Akhwat atau perempuan yang taat dan patuh dengan titah Tuhannya. Sangat menjaga
diri dan selalu berusaha memperbaiki diri.
“Pak le’? subhanallah. Ko pada ngumpul disini tho…gak ngajak-ngajak
lagi” Ihsan langsung memeluk dan bersalaman dengan Pak Toni. “Gimana kabarmu
san? Ibumu sehat?” Pak Toni menanyakan keadaan adiknya yang baru 2 tahun lalu
ditinggal suaminya meninggal dunia. “Alhamdulillah sehat pak le’”
“Mas ihsan….” Sapa seorang gadis bergaun ungu dengan jilbab creamnya
yang melambai-lambai diterpa angin pantai. Mata ihsan tak berkedip melihat
sosok gadis anggun itu “Yanti? Subhanallah kamu cantik sekali sekarang. Sudah
lama kita tidak bertemu. Gimana studimu yan?’
“Iya mas ihsan aja tu yang tambah jelek,hehe. Alhamdulillah lancar dan
sudah selesai mas.”
“Pak le’…adik q yanti ini sudah ada yang ngelamar belum…?” tanyanya
dengan nada bercanda.
“Tanya aja langsung sama dia, bilang pak le’ mu ini udah pengen nimang
cucu gitu” sambil melirik kearah yanti. “Ah ayah bisa aja” senyum simpul.
***
“San, aku sudah lama sekali mencari calon istri tapi belum jua kutemukan
jodohku.”
“Kamu serius mau nikah ful?”
“Kalau ada yang cocok aku mau banget san”
“Kebetulan aku punya Pakle’ anaknya baru saja lulus sarjana. Dalam
gurauan kami saat bertemu tempo hari sepertinya pak le’ menginginkan menantu”
“Benarkah? Menurutmu apa anaknya itu cocok denganku?”
“InsyaAllah ful, kalau bisa ayo sekarang kita silaturahim ke tempat pak
le’ku mumpung hari ini lagi kosong agenda kita.”
“Yok!” kedua pemuda itu mengendarai sepeda motor menuju rumah Pak Toni.
“Assalamu’alaikum”
“Waalaikumsalam, eh ihsan….monggo silahkan masuk nak.” Seorang ibu
berbadan gemuk mempersilahkan ihsan dan iful massuk dan duduk di ruang tamu.
Ihsan menyalami Bu le’nya di ikuti iful.
“Bu le’, ko sepi yang lain kemana? Oh ya bule’ kenalkan ini teman saya
Syaiful” iful tersenyum menganggukan kepala
“Yang lain dibelakang sah, o..iya nak iful dari mana?”
“Monjali bu le’…”
“Ooh iya, sebentar ya saya panggilkan pak le’ dulu di dalam”
Pak
Toni menghampiri ihsan dan syaiful di ruang tamu sambil berbincang-bincang.

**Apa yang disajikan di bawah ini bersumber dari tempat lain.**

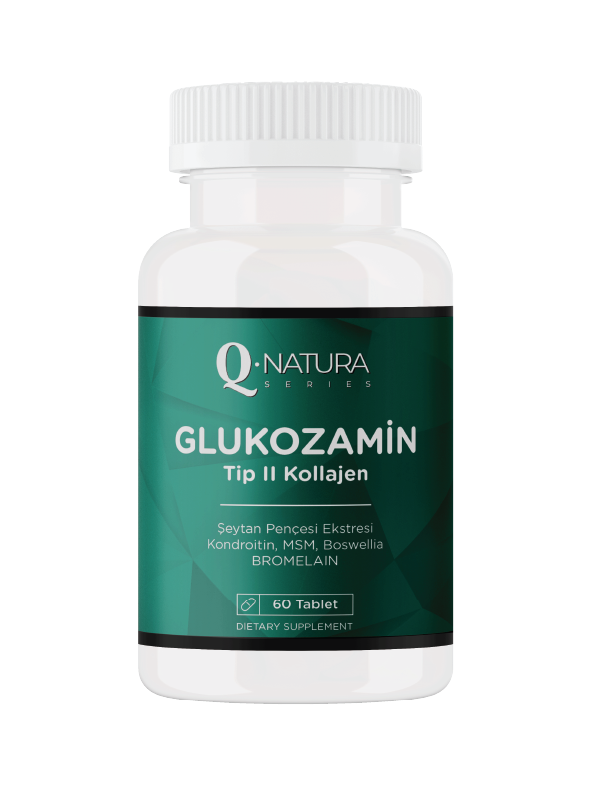 Glukozamin Tip 2 Kollajen 60 tablet (MSM,Kondroitin sülfat,Akgünlük ekstresi,Vit C,Şeytan Pençesi,Bromelain,Hyaluronik asit,Manganez)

Tibalah saatnya ihsan mengutarakan niat baik syaiful untuk ta’aruf dengan
anaknya Pak Toni. Pak toni sangat terharu ada seorang pemuda seperti syaiful
ingin melangsungkan ta’aruf dengan anaknya. Pak toni minta izin kebelakang
untuk bermusyawarah sejenak dengan anak dan istrinya mengenai hal tersebut. Dan
alhamdulillah yanti menyetujui begitu juga ibunya. Yanti lalu diminta keruang
tamu didampingi ibundanya. Sayaiful kaget melihat gadis yang mau dikhitbahnya
itu adalah yanti. Namun ia hanya diam dan tak berkedip sedikitpun melihat si
anggun yanti. Begitu juga yanti ia merasakan sesuatu yang berbeda ketika yang
dilihatnya itu adalah syaiful yang dia tahu dulu pernah menyukai sahabatnya
naila. Yang sekarang sudah menikah dengan rian.
“Ayah, Ibu…apakah
kalian tidak mengingat pemuda ini?” yanti melihat ayah dan ibunya. Yang dulu
pernah mengantar yanti dan naila ke bandara saat pulang. “Oh, iya..” keduanya
mengingatnya. “Tapi sekarang ko beda ya pak” tukas ibunya. “Iya, dulu itu tidak
begini. Seperti. Sekarang subhanallah sudah berubah sekali. Penampilannya
seperti ustad.” Pak toni menimpali. “Subhanallah sekali ya, dunia memang
sempit” kata ihsan yang nyaris tidak percaya semua sudah pernah ketemu
sebelumnya. Iful hanya tersenyum tak bersuara. Dia kikuk sekali.
“Nak..apa kau serius ingin menikahi anak kami yanti?” pak toni menatap
lekat-lekat wajah Iful.
“InsyaAllah saya siap pak!” sambil memandang kearah yanti, yanti tersipu
malu dan menundukan pandangannya. “Bagaimana yan? tanya pak toni. Yanti
mengangguk tanda setuju. Yang ada di ruangan itu serentak melafaskan hamdalah.